The “Sugar Policy Modernization Act” would prohibit sugar growers from receiving nonrecourse loans available to other crops – loans that are repaid with interest and are the main component of U.S. sugar policy. The bill would also mandate that the USDA keep America’s sugar market flooded with imports to artificially depress prices for multinational food companies.
“A better name would be the ‘Sugar Farmer Bankruptcy Bill’ because that’s exactly what it’s designed to do,” explained Galen Lee, a sugarbeet farmer from Idaho.
It’s a devastating bill for rural communities from coast to coast all by itself, but Shaheen wasn’t finished.
A day later, she teamed with Senator Jeff Flake (R-AZ) to introduce legislation designed to deny farmers access to insurance policies that provide some revenue stability amid price declines and low yields.
These policies are vital to farmers who forward contract crops and to farmers forced to purchase feed for livestock following the loss of their own crops. And they are extremely popular, covering more than 9 out of 10 acres of U.S. corn and soybean in the crop insurance system. Revenue coverage is also used on 87% of wheat policies and 81% of cotton.
In other words, if you farm, chances are good the lawmakers took a swipe at your livelihood last week. And their rationale for doing so was to save taxpayers money, which is nonsense.
First, sugar policy has operated without taxpayer cost for the entire 2014 Farm Bill – well below Congressional Budget Office (CBO) estimates. Simply put, it has a $0 price tag and has cost taxpayers less than expected.
Meanwhile, farmers help fund crop insurance with money from their own pockets – and they have to pay a lot more for revenue coverage. Under this cost-share structure, crop insurance’s 10-year cost projection by CBO is down nearly $10 billion since 2013.

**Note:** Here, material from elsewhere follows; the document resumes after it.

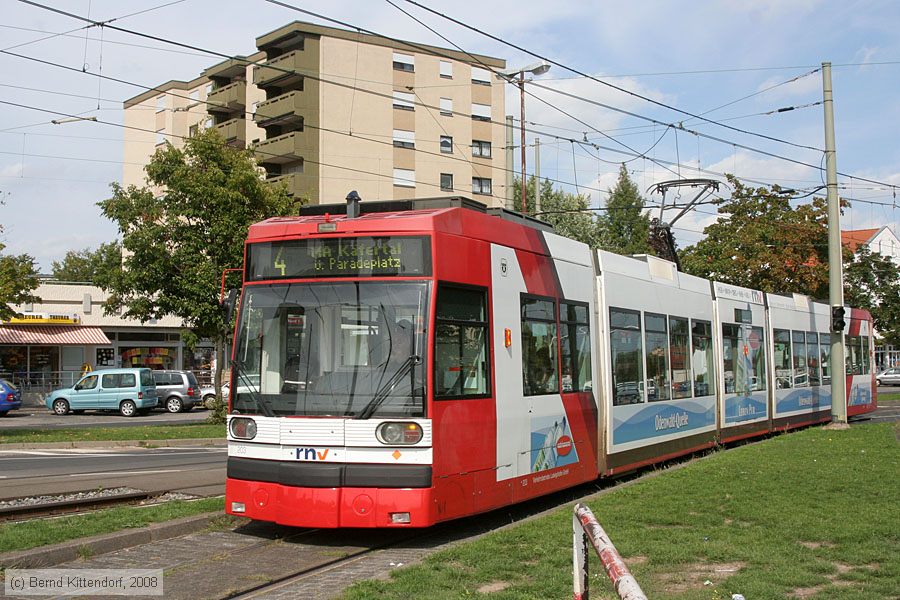 Straßenbahn Ludwigshafen - 203
/ Bild: vbl203_bk0809020075.jpg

No, these bills are not about taxpayers. The proposals are anti-farmer, plain and simple, and they embody the harmful rhetoric used by long-time agriculture critics like Heritage.
So, we thought it only fitting to use a Heritage-produced prop in this column.
If saving taxpayer money is the goal, this Heritage graphic shows exactly where all those federal dollars go.
And if you’re having trouble finding agriculture listed, that’s because it is not. Farm policy is a small fraction of the “All other 3%” category, with crop insurance accounting for about 0.3% of federal expenditures. Put another way, America protects the food and fiber supply on which every citizen depends for far less than a penny per tax dollar.
In a recent speech, Dr. Joe Outlaw, of Texas A&M University, referenced this very chart.
“My question for Heritage is why aren’t they looking at these other areas of the budget,” he asked, questioning why so much time and energy is being spent on a small line item like agriculture.
It’s also a good question for all the Senators behind this week’s blindside against rural America.